Muzyka
Mała Hope zanosiła się płaczem nawet wtedy gdy Eddie rzygnął pianą z gaśnicy prosto w buchające płomienie. Pomarańczowe języki skarlały i przepadły, zmieniając stan skupienia w lotne popielate obłoki.
Monter wspiął się na podwyższenie z patyków i uwolnił dziewczynę z więzów. Kaszlała. Zauważył kilka poparzeń na na jej białych nogach, ramionach, szyi.
Aiden przyciskał gnata do skroni szamana ale nie było to widać wystarczającą motywacją. Z tłumu padł strzał. Eddie szarpnął dziewczynę i rzucili się oboje w stronę wozu. Monika odpaliła silnik pick-upa.
Kulki świstnęły nad głowami uciekinierów.
- Karz im wstrzymać ogień jeśli chcesz przeżyć – Portner wydarł się do ucha Murzyna a ten zatrajkotał coś w niezrozumiałym języku ale było już za późno.

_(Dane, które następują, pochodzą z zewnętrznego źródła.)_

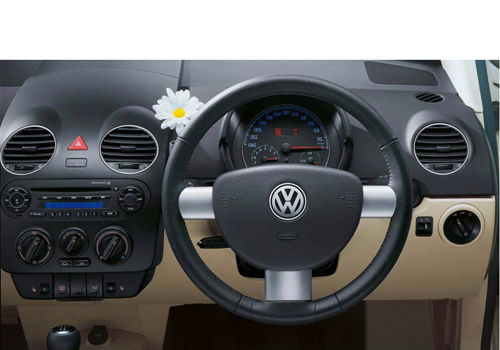 new volkswagen beetle interior. Volkswagen Beetle DashBoard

Chaos rozgorzał. Ci, którzy nie mieli broni palnej po prostu rzucili się w ich stronę. Krzyczeli i wymachiwali dzidami.
Biegli na złamanie karku.
Portner wylądował na siedzeniu pasażera, Eddie z Hope i ocaloną dziewczyną zajęli kanapę z tyłu furgonetki. Oszalały motłoch natrafił na zaporę zamkniętych drzwi. Uderzył z impetem żywiołu aż zachybotały resory.

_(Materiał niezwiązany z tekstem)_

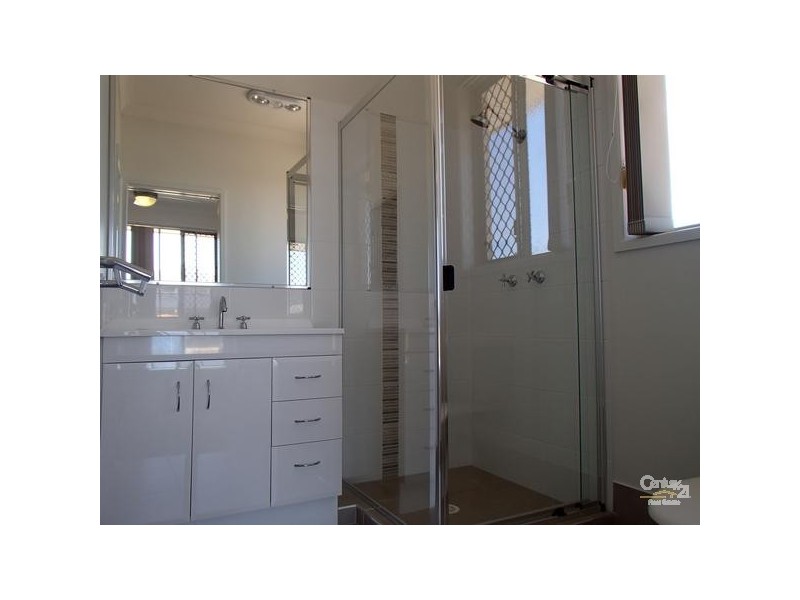 15 Cootharaba Crescent, Warner QLD 4500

- Gdzie Dhalia i Jill? - krzyknęła Monika zarzynając silnik.
Kilku rosłych tubylców naparło na maskę od przodu zatrzymując pojazd siłą własnych mięśni.

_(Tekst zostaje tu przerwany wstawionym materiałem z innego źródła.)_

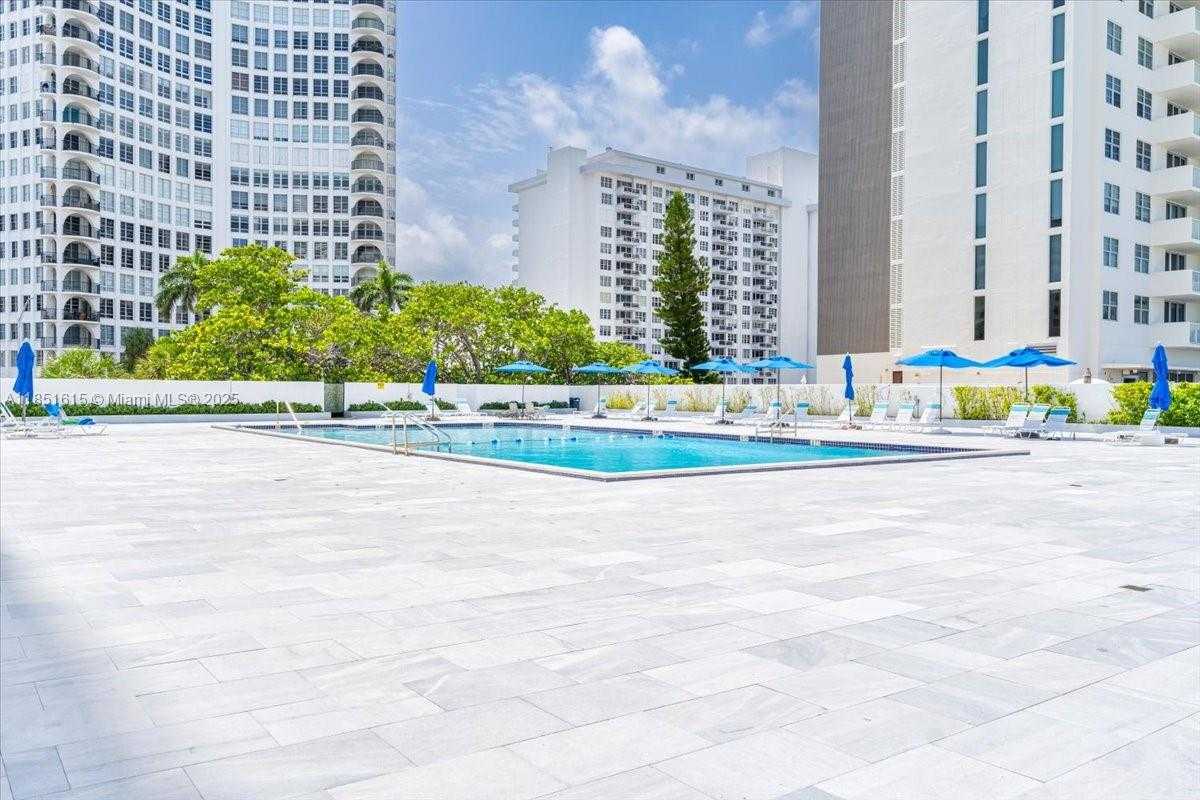 Small Image of 5601 Collins Ave, Miami Beach, FL 33140, USA Number 28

Gdzieś z przodu mignęły sylwetki koni. Dhalia zagrzewała wierzchowce do sprintu dzikimi okrzykami wywijając się z objęć dzikusów. Monika wdepnęła pedał gazu rozjeżdżając żywą zaporę. Oniemiały szaman został w tyle pośród swoich, którzy oniemiali rozglądali się wokoło i siekli na oślep ze strzelb i łuków. Stracili jakby zainteresowanie furgonetką.
Eddie dostrzegł powody. Rozmieszczone na obrzeżach tłuszczy trzy pająkowate droidy, te same które w betelskiej jaskini bawiły się z małą Hope. Teraz próły seriami w dzikich, którzy kładli się pokotem na piasku, odstrzeliwani jak kaczki.
Monika nie czekała na finał tego spektaklu. Sunęła przed siebie na pełnej kurwie i kurwami miotała pod nosem.
- Co się tam stało, ja pierdole?
Hope dalej piszczała. Wydawała z siebie wysokie świdrujące dźwięki od których zaczynały drżeń samochodowe szyby.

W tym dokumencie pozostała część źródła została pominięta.